Handball-EM

Füchse-Manager wünscht sich frühes Ausscheiden

Kurz vor Beginn der Handball-EM macht sich Füchse-Manager Bob Hanning nicht nur Freunde. Er hoffe auf ein schnelles Ende für die zuletzt erfolglosen Deutschen bei der Europameisterschaft. Ganz nach dem Motto: "Lieber ein Ende mit Schrecken."

Foto: M. Lengemann

Die Anspannung steigt, bei Spielern und Verantwortlichen. Am Sonntag starten die deutschen Handballer in die Europameisterschaft, und sie wollen bei dem Turnier in Serbien ihre letzte Chance für eine Teilnahme an den Olympischen Spielen in London wahren. Kurz vor Beginn der Titelkämpfe sorgte Füchse-Geschäftsführer Bob Hanning für Aufsehen. Der Handball-Macher aus der Hauptstadt hatte gesagt, dass er nichts dagegen hätte, wenn man bei der EM scheitere. „Je eher wir ausscheiden, desto eher können wir einen Umbruch einleiten.“

Eine klare Ansage, die nicht jedem gefiel. So zum Beispiel auch dem früheren Nationalspieler Stefan Kretzschmar nicht, der Magdeburger widersprach dem Berliner Manager. „Der deutsche Handball kann es sich nicht erlauben, solche Turniere einfach abzuschenken“, sagte Kretzschmar der "Bild"-Zeitung, „wir können keine zwei Jahre Auszeit nehmen. Wir müssen bei jedem Turnier erfolgreich sein.“

Doch genau das gelang der deutschen Mannschaft zuletzt überhaupt nicht mehr. Nach dem furiosen WM-Sieg 2007 im eigenen Land ging es sukzessive bergab.

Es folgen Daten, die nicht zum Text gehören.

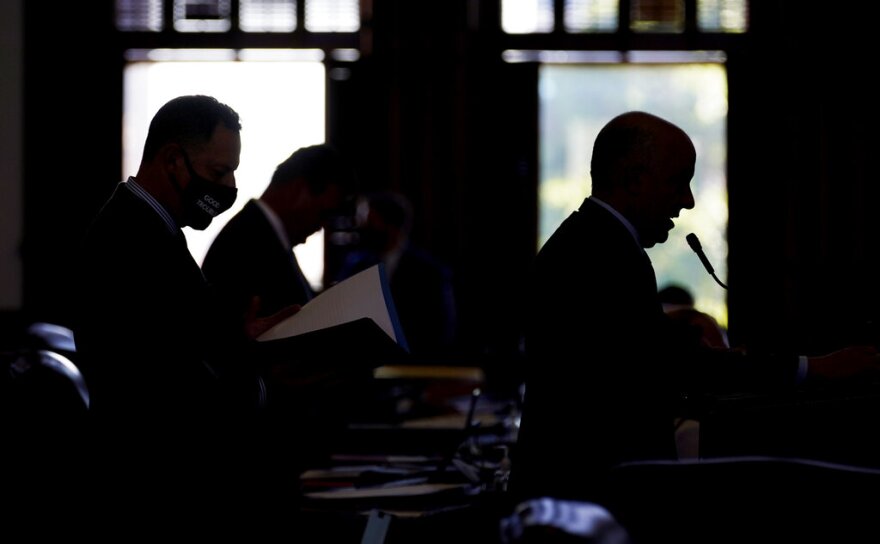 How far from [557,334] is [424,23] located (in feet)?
13.6

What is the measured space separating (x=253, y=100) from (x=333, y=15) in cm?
63

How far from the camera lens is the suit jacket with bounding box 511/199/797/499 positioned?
1.83m

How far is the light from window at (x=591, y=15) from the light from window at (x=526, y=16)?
10 centimetres

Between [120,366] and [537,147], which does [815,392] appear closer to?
[120,366]

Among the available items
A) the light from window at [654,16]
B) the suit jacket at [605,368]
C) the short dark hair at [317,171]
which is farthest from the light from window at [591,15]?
the suit jacket at [605,368]

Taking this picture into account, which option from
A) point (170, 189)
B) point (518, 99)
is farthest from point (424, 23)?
point (170, 189)

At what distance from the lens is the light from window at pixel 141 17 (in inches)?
233

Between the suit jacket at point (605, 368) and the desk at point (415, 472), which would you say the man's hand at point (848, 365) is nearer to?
the suit jacket at point (605, 368)

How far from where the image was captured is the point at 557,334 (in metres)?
1.87

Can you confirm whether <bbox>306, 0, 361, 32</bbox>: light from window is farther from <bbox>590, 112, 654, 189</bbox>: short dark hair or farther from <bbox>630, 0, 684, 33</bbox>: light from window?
<bbox>590, 112, 654, 189</bbox>: short dark hair

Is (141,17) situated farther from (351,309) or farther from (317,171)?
(351,309)

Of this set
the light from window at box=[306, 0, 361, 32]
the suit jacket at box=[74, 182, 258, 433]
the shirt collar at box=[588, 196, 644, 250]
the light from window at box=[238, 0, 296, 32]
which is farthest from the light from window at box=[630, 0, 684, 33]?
the suit jacket at box=[74, 182, 258, 433]

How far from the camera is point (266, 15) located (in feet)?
19.3

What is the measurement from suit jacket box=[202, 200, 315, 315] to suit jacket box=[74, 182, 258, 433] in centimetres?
96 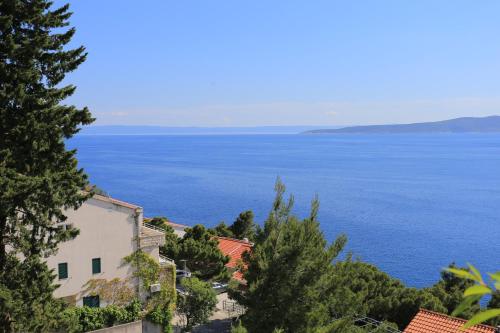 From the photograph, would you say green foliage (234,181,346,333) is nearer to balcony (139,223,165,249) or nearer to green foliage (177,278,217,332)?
green foliage (177,278,217,332)

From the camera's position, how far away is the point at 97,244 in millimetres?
24172

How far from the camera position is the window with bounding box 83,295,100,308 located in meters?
23.7

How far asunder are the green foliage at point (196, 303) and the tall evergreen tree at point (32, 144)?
35.9ft

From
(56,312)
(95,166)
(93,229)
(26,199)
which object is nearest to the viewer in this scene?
(26,199)

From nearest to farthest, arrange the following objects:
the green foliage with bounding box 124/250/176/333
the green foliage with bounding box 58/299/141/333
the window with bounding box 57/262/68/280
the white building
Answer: the green foliage with bounding box 58/299/141/333, the window with bounding box 57/262/68/280, the white building, the green foliage with bounding box 124/250/176/333

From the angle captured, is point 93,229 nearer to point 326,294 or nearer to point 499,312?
point 326,294

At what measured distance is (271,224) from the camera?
54.6ft

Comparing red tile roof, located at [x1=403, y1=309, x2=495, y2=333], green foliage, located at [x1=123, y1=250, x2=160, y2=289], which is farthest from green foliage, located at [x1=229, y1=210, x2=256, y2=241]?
red tile roof, located at [x1=403, y1=309, x2=495, y2=333]

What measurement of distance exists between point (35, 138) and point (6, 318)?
5741 millimetres

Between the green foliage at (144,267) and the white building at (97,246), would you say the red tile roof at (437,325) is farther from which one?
the white building at (97,246)

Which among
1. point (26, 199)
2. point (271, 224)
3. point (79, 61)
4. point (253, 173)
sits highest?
point (79, 61)

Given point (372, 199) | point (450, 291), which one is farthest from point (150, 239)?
point (372, 199)

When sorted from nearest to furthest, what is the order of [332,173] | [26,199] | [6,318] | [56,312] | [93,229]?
[26,199]
[6,318]
[56,312]
[93,229]
[332,173]

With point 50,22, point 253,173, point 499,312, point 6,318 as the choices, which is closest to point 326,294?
point 6,318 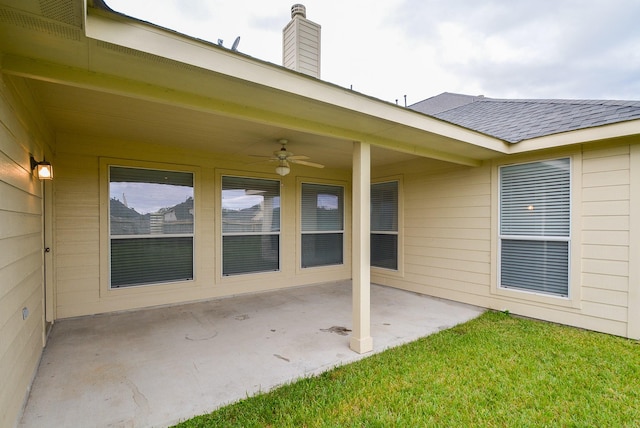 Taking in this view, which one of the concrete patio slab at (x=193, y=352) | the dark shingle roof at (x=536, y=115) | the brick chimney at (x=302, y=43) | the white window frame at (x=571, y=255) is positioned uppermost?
the brick chimney at (x=302, y=43)

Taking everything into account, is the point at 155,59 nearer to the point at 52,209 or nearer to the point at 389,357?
the point at 389,357

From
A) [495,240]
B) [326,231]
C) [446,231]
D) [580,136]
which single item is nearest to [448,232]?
[446,231]

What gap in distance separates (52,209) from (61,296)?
1.15 meters

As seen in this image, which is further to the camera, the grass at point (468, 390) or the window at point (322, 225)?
the window at point (322, 225)

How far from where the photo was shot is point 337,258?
22.3 feet

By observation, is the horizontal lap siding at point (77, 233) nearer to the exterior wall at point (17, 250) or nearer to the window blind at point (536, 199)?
the exterior wall at point (17, 250)

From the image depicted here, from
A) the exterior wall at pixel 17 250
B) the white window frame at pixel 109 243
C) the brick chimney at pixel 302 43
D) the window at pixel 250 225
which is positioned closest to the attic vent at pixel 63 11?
the exterior wall at pixel 17 250

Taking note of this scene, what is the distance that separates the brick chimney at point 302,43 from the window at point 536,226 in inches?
134

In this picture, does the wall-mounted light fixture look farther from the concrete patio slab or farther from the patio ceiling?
the concrete patio slab

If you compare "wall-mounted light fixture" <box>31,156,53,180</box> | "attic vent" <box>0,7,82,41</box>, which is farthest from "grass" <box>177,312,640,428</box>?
"wall-mounted light fixture" <box>31,156,53,180</box>

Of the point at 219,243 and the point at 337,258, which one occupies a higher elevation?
the point at 219,243

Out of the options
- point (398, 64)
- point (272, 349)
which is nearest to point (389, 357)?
point (272, 349)

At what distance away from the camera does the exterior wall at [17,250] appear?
6.09ft

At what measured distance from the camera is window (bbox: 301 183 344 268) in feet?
20.7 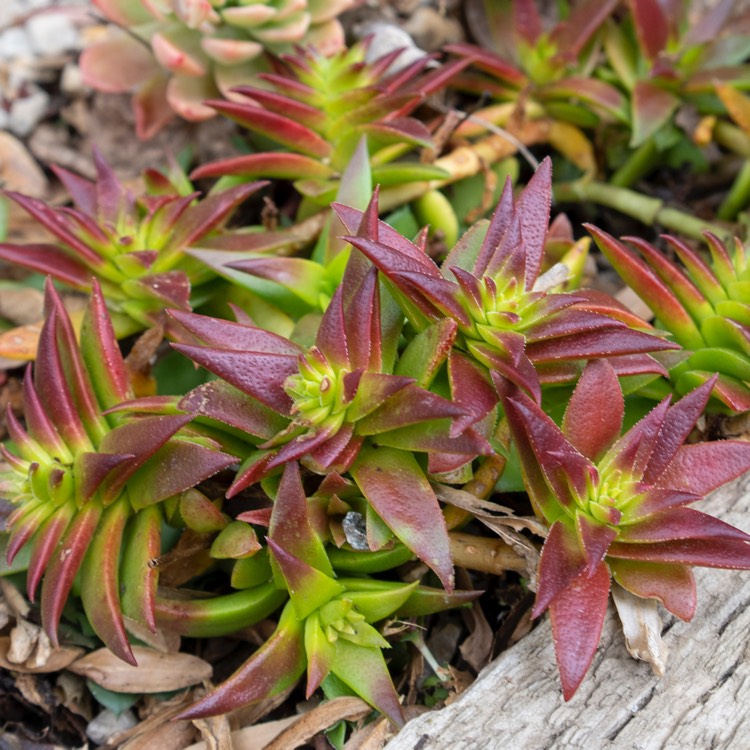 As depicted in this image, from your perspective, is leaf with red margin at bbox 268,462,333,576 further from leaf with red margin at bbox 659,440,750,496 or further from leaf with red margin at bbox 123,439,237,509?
leaf with red margin at bbox 659,440,750,496

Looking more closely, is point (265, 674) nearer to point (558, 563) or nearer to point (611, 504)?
point (558, 563)

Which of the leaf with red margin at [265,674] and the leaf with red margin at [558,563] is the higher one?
the leaf with red margin at [558,563]

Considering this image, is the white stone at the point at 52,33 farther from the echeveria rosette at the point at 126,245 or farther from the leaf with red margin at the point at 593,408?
the leaf with red margin at the point at 593,408

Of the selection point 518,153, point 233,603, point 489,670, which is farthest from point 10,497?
point 518,153

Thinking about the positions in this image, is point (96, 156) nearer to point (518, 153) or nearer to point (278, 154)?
point (278, 154)

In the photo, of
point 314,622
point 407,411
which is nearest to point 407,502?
point 407,411

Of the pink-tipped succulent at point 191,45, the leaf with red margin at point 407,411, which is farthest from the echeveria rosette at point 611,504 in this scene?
the pink-tipped succulent at point 191,45

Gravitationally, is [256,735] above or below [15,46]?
below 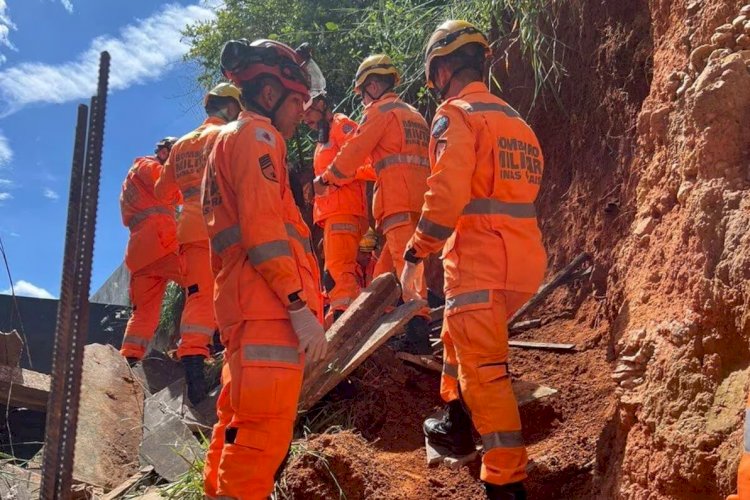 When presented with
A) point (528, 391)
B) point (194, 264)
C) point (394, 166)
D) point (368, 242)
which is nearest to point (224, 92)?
point (194, 264)

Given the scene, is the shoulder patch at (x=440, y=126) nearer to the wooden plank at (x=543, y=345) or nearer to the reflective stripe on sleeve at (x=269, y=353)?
the reflective stripe on sleeve at (x=269, y=353)

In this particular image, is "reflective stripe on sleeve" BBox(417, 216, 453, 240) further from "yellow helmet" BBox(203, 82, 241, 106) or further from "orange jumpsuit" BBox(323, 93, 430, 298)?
"yellow helmet" BBox(203, 82, 241, 106)

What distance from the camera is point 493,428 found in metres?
3.11

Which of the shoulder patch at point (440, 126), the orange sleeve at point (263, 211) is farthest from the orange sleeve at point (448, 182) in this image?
the orange sleeve at point (263, 211)

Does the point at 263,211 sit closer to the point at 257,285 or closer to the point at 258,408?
the point at 257,285

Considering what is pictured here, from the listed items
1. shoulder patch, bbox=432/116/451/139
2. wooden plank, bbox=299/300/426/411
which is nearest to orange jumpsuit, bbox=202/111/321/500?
shoulder patch, bbox=432/116/451/139

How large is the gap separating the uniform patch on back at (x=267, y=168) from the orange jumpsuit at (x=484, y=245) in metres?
0.79

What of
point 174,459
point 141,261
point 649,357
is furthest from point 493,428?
point 141,261

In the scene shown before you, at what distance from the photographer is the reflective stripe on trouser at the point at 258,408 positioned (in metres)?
2.76

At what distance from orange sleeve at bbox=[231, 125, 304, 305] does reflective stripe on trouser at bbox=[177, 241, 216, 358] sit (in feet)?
7.45

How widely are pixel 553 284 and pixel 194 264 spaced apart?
275 centimetres

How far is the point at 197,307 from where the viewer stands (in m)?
5.25

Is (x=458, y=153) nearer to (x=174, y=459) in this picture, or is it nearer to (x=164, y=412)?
(x=174, y=459)

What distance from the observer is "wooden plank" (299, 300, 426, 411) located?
15.1 feet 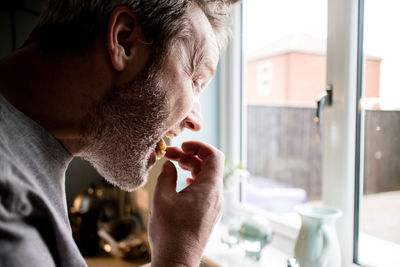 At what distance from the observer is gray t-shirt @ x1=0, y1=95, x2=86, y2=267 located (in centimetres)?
50

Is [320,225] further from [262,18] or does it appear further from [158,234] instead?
[262,18]

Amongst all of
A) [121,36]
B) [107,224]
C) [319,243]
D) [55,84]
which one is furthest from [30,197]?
[107,224]

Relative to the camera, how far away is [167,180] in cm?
77

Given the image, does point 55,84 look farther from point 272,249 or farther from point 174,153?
point 272,249

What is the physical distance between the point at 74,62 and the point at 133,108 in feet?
0.47

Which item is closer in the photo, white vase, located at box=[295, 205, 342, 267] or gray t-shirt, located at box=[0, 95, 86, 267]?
gray t-shirt, located at box=[0, 95, 86, 267]

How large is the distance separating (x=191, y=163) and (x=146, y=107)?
230 mm

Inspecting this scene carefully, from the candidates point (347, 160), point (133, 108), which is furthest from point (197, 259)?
point (347, 160)

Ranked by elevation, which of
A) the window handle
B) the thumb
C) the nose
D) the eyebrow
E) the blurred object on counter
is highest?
the eyebrow

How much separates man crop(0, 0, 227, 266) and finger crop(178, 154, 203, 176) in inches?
3.9

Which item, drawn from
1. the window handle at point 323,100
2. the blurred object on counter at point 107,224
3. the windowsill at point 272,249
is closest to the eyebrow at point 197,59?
the window handle at point 323,100

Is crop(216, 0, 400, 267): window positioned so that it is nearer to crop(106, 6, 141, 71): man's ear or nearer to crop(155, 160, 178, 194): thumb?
crop(155, 160, 178, 194): thumb

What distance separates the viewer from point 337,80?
1.02m

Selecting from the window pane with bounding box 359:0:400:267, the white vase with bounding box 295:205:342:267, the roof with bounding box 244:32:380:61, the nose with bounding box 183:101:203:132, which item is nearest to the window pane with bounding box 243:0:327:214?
the roof with bounding box 244:32:380:61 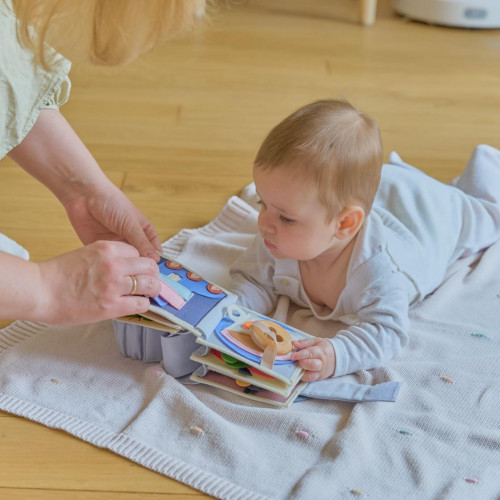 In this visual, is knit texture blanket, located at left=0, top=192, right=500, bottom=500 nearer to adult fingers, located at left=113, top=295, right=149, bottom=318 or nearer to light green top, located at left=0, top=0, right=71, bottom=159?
adult fingers, located at left=113, top=295, right=149, bottom=318

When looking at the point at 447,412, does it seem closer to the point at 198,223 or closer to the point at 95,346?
the point at 95,346

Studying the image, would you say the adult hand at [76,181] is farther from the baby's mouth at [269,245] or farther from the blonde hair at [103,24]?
the blonde hair at [103,24]

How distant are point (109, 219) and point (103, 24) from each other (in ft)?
1.35

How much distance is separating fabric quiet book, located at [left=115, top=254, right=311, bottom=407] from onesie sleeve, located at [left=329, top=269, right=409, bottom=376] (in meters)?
0.07

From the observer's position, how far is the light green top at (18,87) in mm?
1148

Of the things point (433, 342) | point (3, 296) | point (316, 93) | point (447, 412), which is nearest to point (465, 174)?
point (433, 342)

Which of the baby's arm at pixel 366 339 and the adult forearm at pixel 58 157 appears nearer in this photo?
the baby's arm at pixel 366 339

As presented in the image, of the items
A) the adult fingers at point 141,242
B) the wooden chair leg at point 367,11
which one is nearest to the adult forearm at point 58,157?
the adult fingers at point 141,242

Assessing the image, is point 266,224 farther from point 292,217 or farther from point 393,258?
point 393,258

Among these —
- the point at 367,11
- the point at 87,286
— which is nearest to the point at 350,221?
the point at 87,286

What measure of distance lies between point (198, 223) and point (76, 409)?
23.3 inches

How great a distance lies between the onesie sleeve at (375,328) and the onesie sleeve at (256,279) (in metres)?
0.15

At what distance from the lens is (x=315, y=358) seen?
1065 mm

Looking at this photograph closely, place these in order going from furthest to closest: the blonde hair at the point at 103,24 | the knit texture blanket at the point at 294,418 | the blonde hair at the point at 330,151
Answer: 1. the blonde hair at the point at 330,151
2. the knit texture blanket at the point at 294,418
3. the blonde hair at the point at 103,24
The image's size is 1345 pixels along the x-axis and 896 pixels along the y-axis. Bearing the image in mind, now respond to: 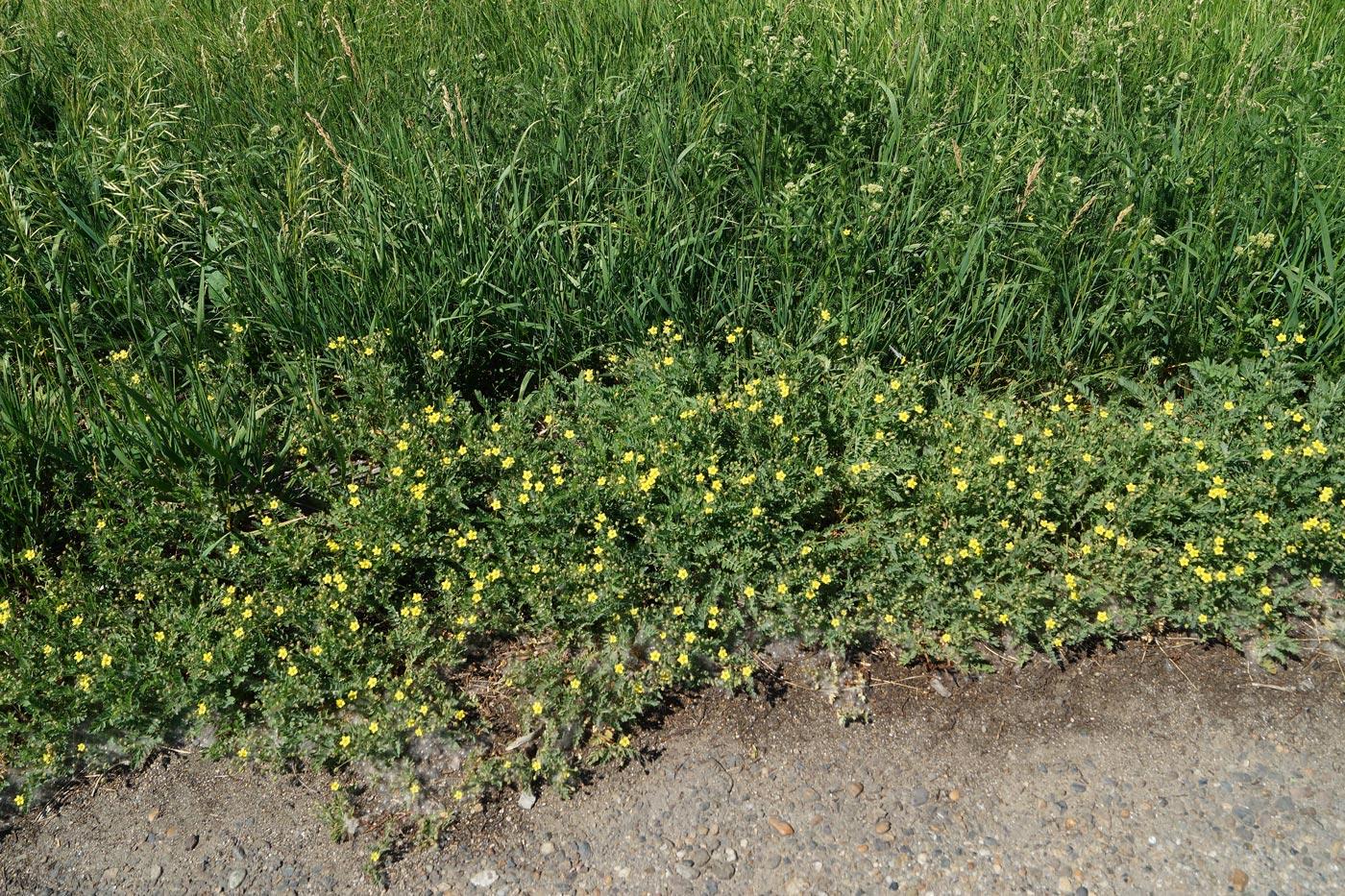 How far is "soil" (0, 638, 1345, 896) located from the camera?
2740mm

Bei den Olympischen Spielen in Peking schied die deutsche Auswahl nach der Vorrunde aus, 2010 erreichte sie bei der EM Rang zehn, die WM 2011 wurde gar nur als Elfter beendet. Ein Tiefpunkt. Jetzt steht die Mannschaft von Bundestrainer Martin Heuberger gewaltig unter Druck.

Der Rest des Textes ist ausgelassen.